Answer:
- To determine which reactant is limiting, we need to compare the moles of each reactant and the mole ratio of oxygen to pentane in the balanced chemical equation:
C5H12 + 8 O2 → 5 CO2 + 6 H2O
Moles of pentane = 35.45 g / 72.15 g/mol = 0.491 mol
Moles of oxygen = 25 g / 32 g/mol = 0.781 mol
Mole ratio of oxygen to pentane is 8:1, so we need 8 moles of oxygen for every mole of pentane. Since we have 0.491 moles of pentane, we need 3.928 moles of oxygen.
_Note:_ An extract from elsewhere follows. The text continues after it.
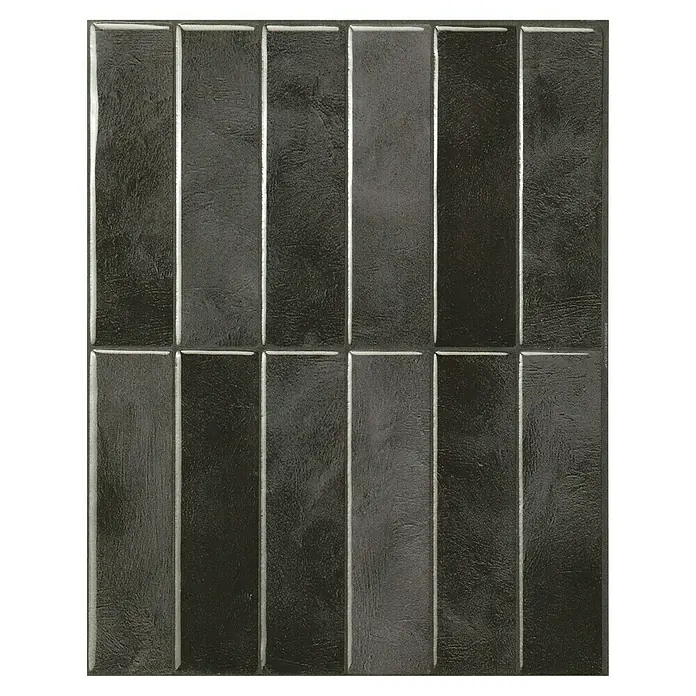 Smart Tiles Selbstklebemosaik Morocco - 29,02 x 22,86 cm, Zaida, Glänzend - Dunkle, längliche Fliesen mit hellen Fugen, die ein modernes und stilvolles Design erzeugen. Ideal für Wandverkleidungen in Bad oder Küche.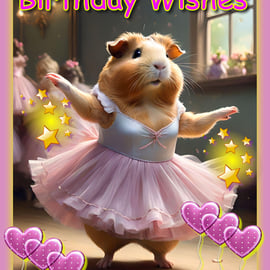 Birthday Wishes Ballet Dancer Guinea Pig Card A5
However, we only have 0.781 moles of oxygen, which means oxygen is the limiting reactant.
To calculate the grams of oxygen that react, we can use the mole ratio of oxygen to pentane:
0.491 mol C5H12 × (8 mol O2 / 1 mol C5H12) × (32 g/mol) = 125.44 g O2
The amount of excess reactant left over can be calculated by subtracting the moles of the limiting reactant from the moles of the excess reactant:
Moles of excess oxygen = 0.781 mol O2 - 0.0614 mol O2 = 0.7196 mol O2
Grams of excess oxygen = 0.7196 mol × 32 g/mol = 23.03 g O2
Therefore, 125.44 grams of oxygen react, and 23.03 grams of oxygen are left over.
2. The amount of energy released can be calculated by multiplying the amount of moles of pentane by the heat of combustion:
0.491 mol C5H12 × (-173.5 kJ/mol) = -85.17 kJ
Therefore, 85.17 kJ of energy is released during the combustion reaction.